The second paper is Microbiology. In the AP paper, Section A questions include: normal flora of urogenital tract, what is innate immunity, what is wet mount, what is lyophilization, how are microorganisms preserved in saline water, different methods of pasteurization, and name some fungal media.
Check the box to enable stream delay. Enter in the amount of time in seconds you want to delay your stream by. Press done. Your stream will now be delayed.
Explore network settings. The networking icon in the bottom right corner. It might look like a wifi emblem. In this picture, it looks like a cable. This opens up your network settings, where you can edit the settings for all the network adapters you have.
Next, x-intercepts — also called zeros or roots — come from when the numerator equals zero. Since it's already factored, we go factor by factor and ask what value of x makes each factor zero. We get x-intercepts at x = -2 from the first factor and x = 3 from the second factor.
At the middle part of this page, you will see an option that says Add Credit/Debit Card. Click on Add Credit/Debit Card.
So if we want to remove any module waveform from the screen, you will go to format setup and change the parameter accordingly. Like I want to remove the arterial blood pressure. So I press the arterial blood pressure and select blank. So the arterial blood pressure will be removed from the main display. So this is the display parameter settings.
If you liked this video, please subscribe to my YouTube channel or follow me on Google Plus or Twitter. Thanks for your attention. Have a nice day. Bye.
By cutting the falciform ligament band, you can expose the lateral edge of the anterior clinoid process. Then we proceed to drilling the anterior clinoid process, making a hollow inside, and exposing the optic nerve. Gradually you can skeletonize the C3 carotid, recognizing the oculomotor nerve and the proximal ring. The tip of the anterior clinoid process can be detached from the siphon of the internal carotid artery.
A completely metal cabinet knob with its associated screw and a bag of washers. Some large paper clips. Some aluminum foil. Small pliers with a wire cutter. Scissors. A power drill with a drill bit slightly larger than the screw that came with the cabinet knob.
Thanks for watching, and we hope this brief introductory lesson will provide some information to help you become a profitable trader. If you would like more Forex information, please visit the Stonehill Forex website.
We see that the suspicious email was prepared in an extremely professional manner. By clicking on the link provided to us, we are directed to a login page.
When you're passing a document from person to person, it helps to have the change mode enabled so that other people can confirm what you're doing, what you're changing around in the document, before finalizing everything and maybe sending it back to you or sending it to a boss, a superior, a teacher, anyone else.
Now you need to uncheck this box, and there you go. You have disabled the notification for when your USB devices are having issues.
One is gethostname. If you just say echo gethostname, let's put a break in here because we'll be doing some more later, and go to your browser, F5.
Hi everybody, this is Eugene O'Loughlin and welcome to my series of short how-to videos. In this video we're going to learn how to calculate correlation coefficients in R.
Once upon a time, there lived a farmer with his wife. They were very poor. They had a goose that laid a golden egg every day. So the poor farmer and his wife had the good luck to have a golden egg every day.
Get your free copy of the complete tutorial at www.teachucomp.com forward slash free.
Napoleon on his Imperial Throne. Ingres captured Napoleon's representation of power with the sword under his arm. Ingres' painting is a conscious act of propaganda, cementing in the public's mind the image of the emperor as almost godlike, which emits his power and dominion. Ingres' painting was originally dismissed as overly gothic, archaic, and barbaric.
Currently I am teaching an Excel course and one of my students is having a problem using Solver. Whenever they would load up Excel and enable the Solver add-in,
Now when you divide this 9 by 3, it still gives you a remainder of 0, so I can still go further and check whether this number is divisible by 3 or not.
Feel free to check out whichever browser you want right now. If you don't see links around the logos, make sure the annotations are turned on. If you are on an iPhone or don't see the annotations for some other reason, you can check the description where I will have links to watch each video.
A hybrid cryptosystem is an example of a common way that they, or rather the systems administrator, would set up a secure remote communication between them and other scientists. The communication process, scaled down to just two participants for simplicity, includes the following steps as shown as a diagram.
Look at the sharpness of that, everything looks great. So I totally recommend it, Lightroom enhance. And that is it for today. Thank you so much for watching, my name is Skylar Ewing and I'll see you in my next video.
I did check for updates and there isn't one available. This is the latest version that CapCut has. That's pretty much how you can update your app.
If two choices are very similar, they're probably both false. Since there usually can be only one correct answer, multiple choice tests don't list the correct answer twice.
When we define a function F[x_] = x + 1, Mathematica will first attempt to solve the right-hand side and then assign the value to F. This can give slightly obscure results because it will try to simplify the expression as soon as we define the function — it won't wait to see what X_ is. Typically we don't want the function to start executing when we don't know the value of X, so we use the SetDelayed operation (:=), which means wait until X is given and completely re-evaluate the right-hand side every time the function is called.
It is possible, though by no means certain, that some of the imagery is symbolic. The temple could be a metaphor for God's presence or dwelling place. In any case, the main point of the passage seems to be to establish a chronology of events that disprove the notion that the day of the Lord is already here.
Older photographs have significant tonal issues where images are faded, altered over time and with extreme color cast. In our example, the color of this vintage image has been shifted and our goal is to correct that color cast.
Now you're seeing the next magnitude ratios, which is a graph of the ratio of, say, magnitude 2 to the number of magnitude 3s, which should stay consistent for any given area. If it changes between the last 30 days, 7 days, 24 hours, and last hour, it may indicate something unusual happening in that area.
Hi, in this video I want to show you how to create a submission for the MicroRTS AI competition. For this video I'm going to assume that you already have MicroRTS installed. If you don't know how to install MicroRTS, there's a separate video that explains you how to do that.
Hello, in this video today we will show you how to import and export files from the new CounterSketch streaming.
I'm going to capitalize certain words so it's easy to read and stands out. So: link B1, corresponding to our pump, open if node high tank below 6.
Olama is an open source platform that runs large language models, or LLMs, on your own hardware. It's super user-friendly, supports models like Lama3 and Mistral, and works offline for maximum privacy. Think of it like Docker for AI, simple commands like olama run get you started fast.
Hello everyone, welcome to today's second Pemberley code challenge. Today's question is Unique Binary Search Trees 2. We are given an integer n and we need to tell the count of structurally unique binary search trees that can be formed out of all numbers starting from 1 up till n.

*BRIEF*.
Here the job is to set down exactly the lines of the material above that fall between the one with "Now when you" and the one with "A hybrid cryptosystem", inclusive, and nothing beyond them.

*WRITTEN REPLY*.
Now when you divide this 9 by 3, it still gives you a remainder of 0, so I can still go further and check whether this number is divisible by 3 or not.
Feel free to check out whichever browser you want right now. If you don't see links around the logos, make sure the annotations are turned on. If you are on an iPhone or don't see the annotations for some other reason, you can check the description where I will have links to watch each video.
A hybrid cryptosystem is an example of a common way that they, or rather the systems administrator, would set up a secure remote communication between them and other scientists. The communication process, scaled down to just two participants for simplicity, includes the following steps as shown as a diagram.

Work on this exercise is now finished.